* [Work item]:
Please repeat the records below exactly, from the first line through the line containing "Orlando Maternity Photographer", and nothing more.

Collected data:
-------
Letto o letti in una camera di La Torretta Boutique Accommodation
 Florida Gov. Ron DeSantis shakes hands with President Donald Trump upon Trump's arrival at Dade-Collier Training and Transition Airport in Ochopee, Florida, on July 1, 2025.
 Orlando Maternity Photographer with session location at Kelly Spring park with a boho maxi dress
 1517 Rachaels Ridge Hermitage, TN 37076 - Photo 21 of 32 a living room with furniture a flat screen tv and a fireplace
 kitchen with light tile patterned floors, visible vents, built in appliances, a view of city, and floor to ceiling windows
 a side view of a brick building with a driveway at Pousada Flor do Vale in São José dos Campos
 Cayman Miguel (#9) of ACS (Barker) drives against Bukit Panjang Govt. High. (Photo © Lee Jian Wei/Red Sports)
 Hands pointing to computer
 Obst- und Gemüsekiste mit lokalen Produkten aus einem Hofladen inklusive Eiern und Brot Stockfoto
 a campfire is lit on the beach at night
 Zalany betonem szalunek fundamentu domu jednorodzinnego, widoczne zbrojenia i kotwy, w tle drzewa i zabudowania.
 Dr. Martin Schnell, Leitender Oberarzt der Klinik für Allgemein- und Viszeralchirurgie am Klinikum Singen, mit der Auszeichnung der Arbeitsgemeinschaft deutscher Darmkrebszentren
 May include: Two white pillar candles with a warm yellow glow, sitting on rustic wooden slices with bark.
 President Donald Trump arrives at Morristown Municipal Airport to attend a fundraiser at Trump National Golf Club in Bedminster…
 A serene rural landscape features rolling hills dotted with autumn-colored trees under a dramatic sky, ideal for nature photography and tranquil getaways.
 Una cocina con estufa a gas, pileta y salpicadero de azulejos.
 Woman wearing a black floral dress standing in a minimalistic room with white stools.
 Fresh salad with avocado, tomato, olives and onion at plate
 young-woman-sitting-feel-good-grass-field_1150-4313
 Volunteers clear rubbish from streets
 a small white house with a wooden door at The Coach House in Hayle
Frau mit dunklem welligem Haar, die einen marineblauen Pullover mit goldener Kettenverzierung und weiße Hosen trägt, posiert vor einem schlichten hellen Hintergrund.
-------
* [Task output]:
Letto o letti in una camera di La Torretta Boutique Accommodation
 Florida Gov. Ron DeSantis shakes hands with President Donald Trump upon Trump's arrival at Dade-Collier Training and Transition Airport in Ochopee, Florida, on July 1, 2025.
 Orlando Maternity Photographer with session location at Kelly Spring park with a boho maxi dress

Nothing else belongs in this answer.